- [Data]:
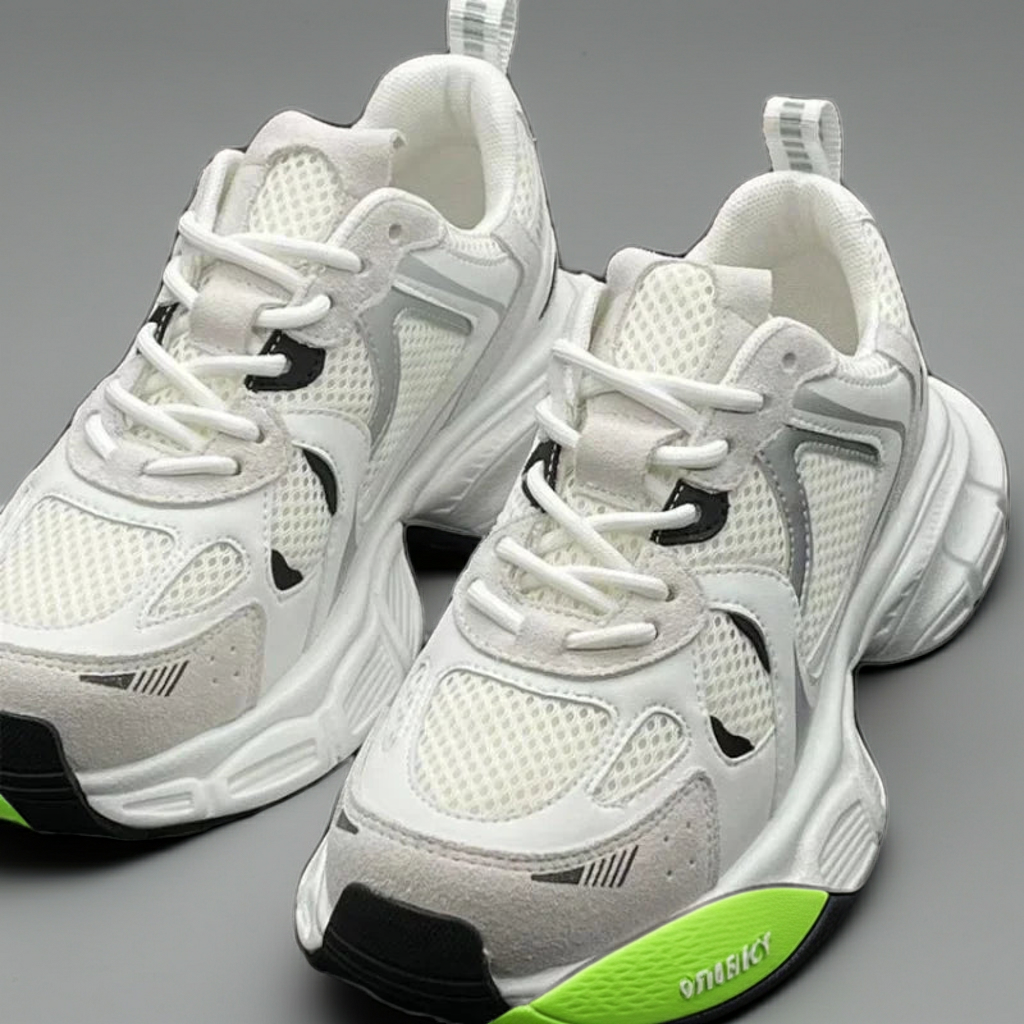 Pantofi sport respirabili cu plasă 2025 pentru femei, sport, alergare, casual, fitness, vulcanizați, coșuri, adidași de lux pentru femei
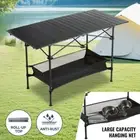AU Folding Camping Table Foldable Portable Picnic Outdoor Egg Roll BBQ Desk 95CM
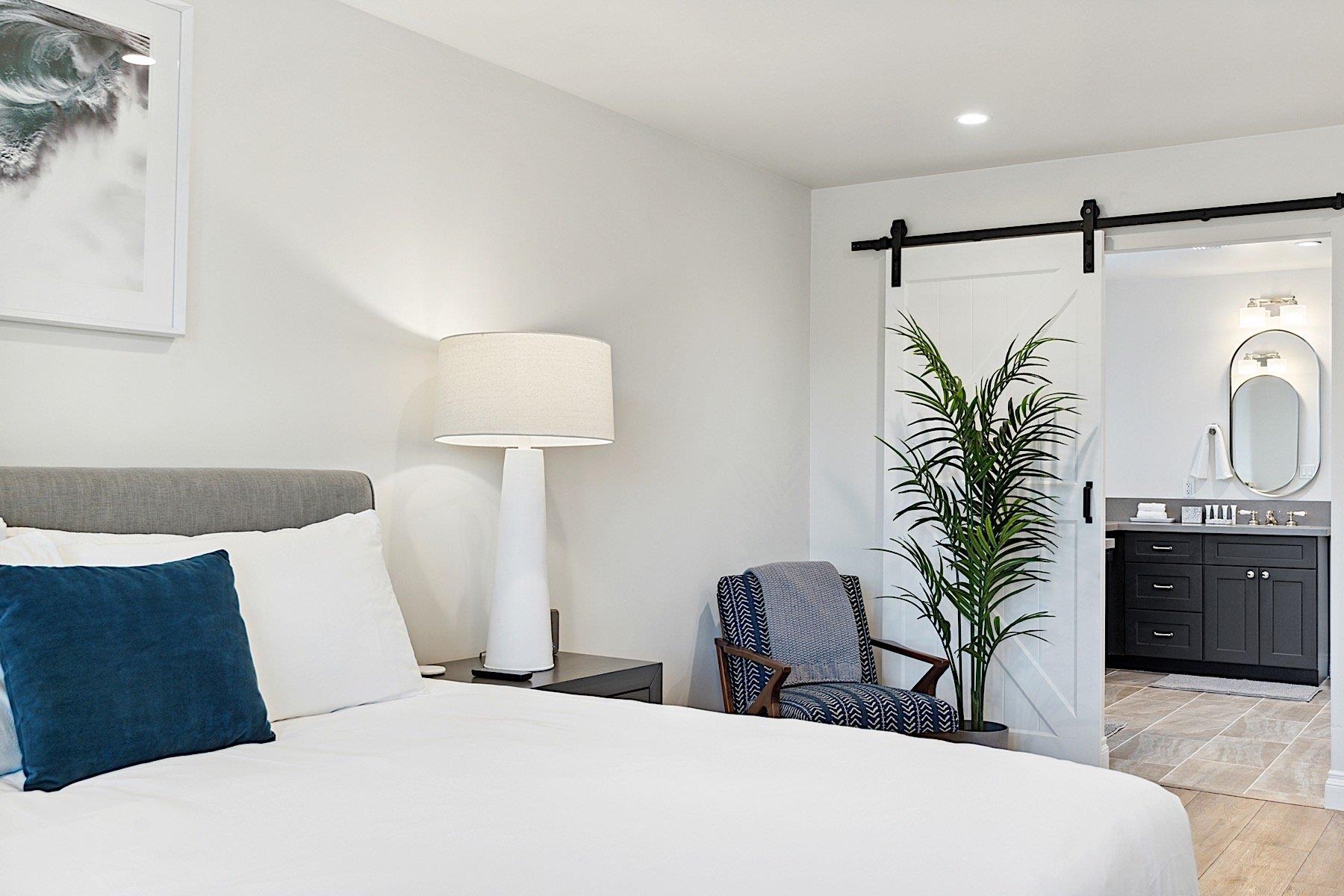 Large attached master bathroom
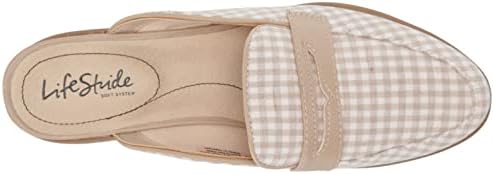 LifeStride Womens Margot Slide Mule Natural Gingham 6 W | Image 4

- [Exercise description]: In copying the material, drop all pictures and keep everything else identical.

- [Your response]:
 Pantofi sport respirabili cu plasă 2025 pentru femei, sport, alergare, casual, fitness, vulcanizați, coșuri, adidași de lux pentru femei
AU Folding Camping Table Foldable Portable Picnic Outdoor Egg Roll BBQ Desk 95CM
 Large attached master bathroom
 LifeStride Womens Margot Slide Mule Natural Gingham 6 W | Image 4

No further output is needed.